SOURCE DATA: Begin
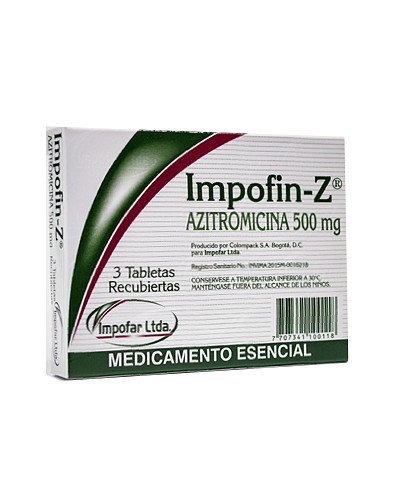 Impofin-Z (Azitromicina)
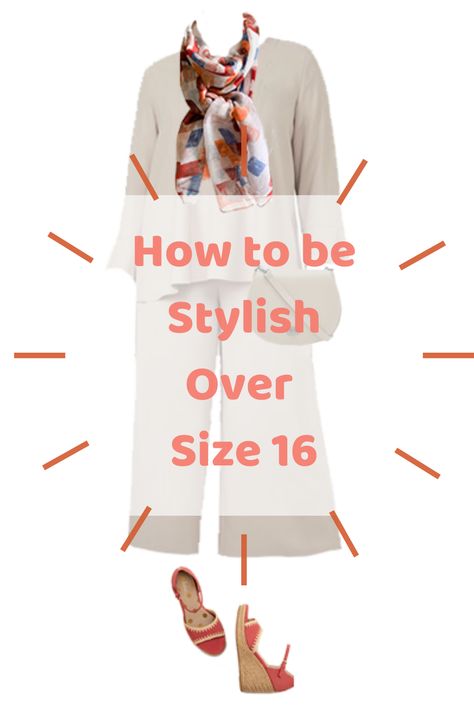 Where to find stylish pieces in a size 16 plus. How to style outfits and what to choose to suit your shape. Size 16 Fashion For Women, Aesthetic Fashion Plus Size, Xxl Outfits, Size 16 Women Outfits, 70s Aesthetic Fashion, Smart Casual Women Summer, Outfits Uggs, Plus Size Styling, 2023 2024 Fashion Trends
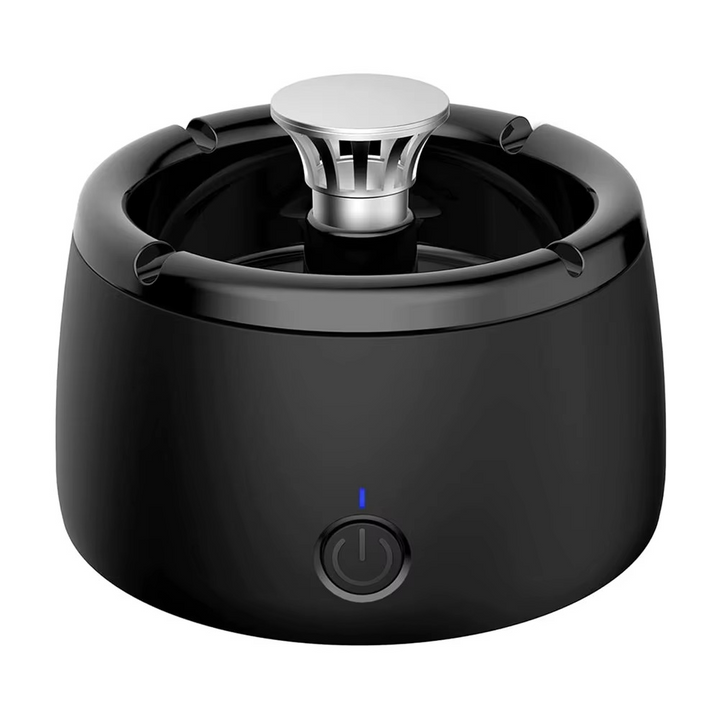 Kalsten | Rechargeable Smokeless Ashtray for Home, Office, Car or Outdoor Use – Black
SOURCE DATA: End
● WHAT IS BEING ASKED
From the line that contains "Where to find" down to the last line of the material above, every line must be repeated exactly, with pictures removed and both end lines included.

● REPLY
 Where to find stylish pieces in a size 16 plus. How to style outfits and what to choose to suit your shape. Size 16 Fashion For Women, Aesthetic Fashion Plus Size, Xxl Outfits, Size 16 Women Outfits, 70s Aesthetic Fashion, Smart Casual Women Summer, Outfits Uggs, Plus Size Styling, 2023 2024 Fashion Trends
 Kalsten | Rechargeable Smokeless Ashtray for Home, Office, Car or Outdoor Use – Black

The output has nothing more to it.